As I pointed out last week, the total operating budget for Pennsylvania exceeds $80 billion. In addition to the $32 billion General Fund, the $49 billion “shadow budget” includes $28.7 billion in federal funds, $4.7 billion in special funds, and $15.3 billion in other state funds.
Lawmakers must prioritize all that spending.
In recent years, lawmakers have increasingly shifted spending out of the General Fund and into the shadow budget, which now houses 150-plus special funds.

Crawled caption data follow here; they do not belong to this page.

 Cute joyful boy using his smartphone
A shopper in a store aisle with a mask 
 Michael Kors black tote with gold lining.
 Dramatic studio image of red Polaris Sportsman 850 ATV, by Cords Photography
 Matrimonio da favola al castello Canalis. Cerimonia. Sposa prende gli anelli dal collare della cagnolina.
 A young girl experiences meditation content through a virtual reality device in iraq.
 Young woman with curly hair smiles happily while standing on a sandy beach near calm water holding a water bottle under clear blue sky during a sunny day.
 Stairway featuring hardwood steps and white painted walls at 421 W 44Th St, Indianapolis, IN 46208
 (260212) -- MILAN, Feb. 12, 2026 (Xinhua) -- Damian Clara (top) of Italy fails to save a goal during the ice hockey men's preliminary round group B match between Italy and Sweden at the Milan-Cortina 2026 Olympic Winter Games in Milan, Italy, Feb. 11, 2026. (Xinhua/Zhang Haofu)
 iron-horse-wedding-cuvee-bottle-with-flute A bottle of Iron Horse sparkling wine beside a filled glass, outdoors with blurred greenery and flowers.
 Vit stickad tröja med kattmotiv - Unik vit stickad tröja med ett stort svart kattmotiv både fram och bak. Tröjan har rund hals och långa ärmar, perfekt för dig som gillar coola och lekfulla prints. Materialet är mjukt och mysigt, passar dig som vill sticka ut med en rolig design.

Indeed, since the 2000-01 fiscal year, spending from these other funds has grown a whopping 199 percent (the General Fund has grown “only” 61 percent in the same time).
As a result, the total state operating budget for 2016-17 represents about 12.3 percent of Pennsylvania’s personal income, up from 10.7 percent in 2000 and 8.6 percent in 1970. That's the highest it's been, excluding two years in which temporary federal stimulus dollars added to the state spending binge.
The chart below shows the growth of state spending as a percentage of the economy.
As Bob points out in his post yesterday, "To ignore the billions of dollars in shadow fund balances while increasing taxes on working families is simply unconscionable."
The more lawmakers shift funds off-book to this shadow budget then demand tax increases to pay for it, the more state spending will continue to grow unchecked—hidden from the eyes of the very people forced to fund it: hardworking Pennsylvanians.